So oats are clearly an excellent source of fiber. But does this carry over when oats are used to make oatmeal cookies?

Fiber content of oatmeal cookies

Oatmeal cookies can provide a good amount of fiber, but they typically contain less fiber per serving compared to an equivalent serving of plain oats.

There are a few reasons for the decreased fiber content:

  1. Oatmeal cookies contain oats plus other ingredients like flour, sugar, butter, eggs, etc. So oats make up a smaller proportion of the total recipe.
  2. Some recipes call for processed oats rather than whole oats. Processing removes some of the original fiber content.
  3. The oats may not be fully cooked down when baked into cookies. Less breakdown means some fiber remains trapped within the oats.

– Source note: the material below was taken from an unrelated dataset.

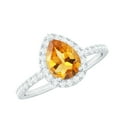 thumbnail image 1 of Rosec Jewels Citrine Teardrop Engagement Ring with Halo - 6X8 mm - Natural Citrine Diamond Ring - AAA Quality - with Jewelry Box, 10K White Gold, US 6.50, 1 of 9
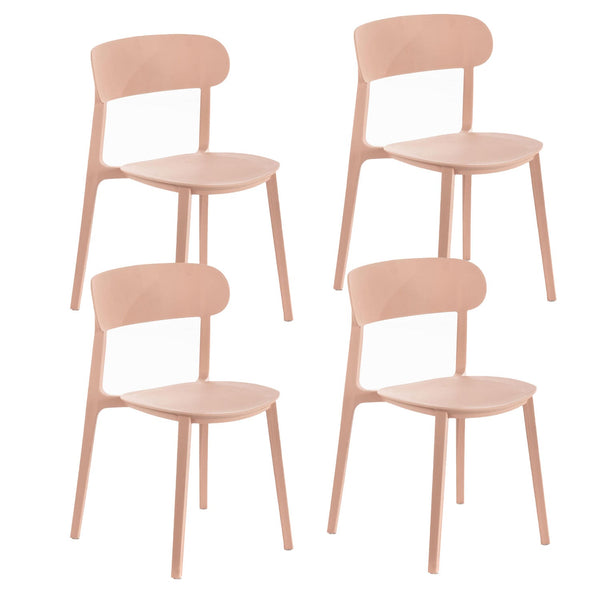 online Set 4 Sedie 48x52xH77,5 cm in Polipropilene Cindy Rosa antico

However, oatmeal cookies are still one of the more fiber-rich cookie options. For example, a basic oatmeal cookie made with 1 cup of oats contains about 2-3 grams of fiber per cookie. Comparatively, a chocolate chip cookie would contain less than 1 gram of fiber.

Fiber content of oatmeal cookies from common recipes

To provide a sense of the amount of fiber in typical oatmeal cookie recipes, here is the fiber content per cookie for some common recipes:

Recipe Fiber per Cookie
Chewy Oatmeal Cookies 2 grams
Oatmeal Raisin Cookies 2 grams
Thin & Crispy Oatmeal Cookies 1 gram
Oatmeal Chocolate Chip Cookies 2 grams

As you can see, most standard recipes provide about 2 grams of fiber per cookie. The thin and crispy version is lower likely because the ratio of oats to other ingredients is decreased. So thicker, chewier oatmeal cookies tend to be highest in fiber.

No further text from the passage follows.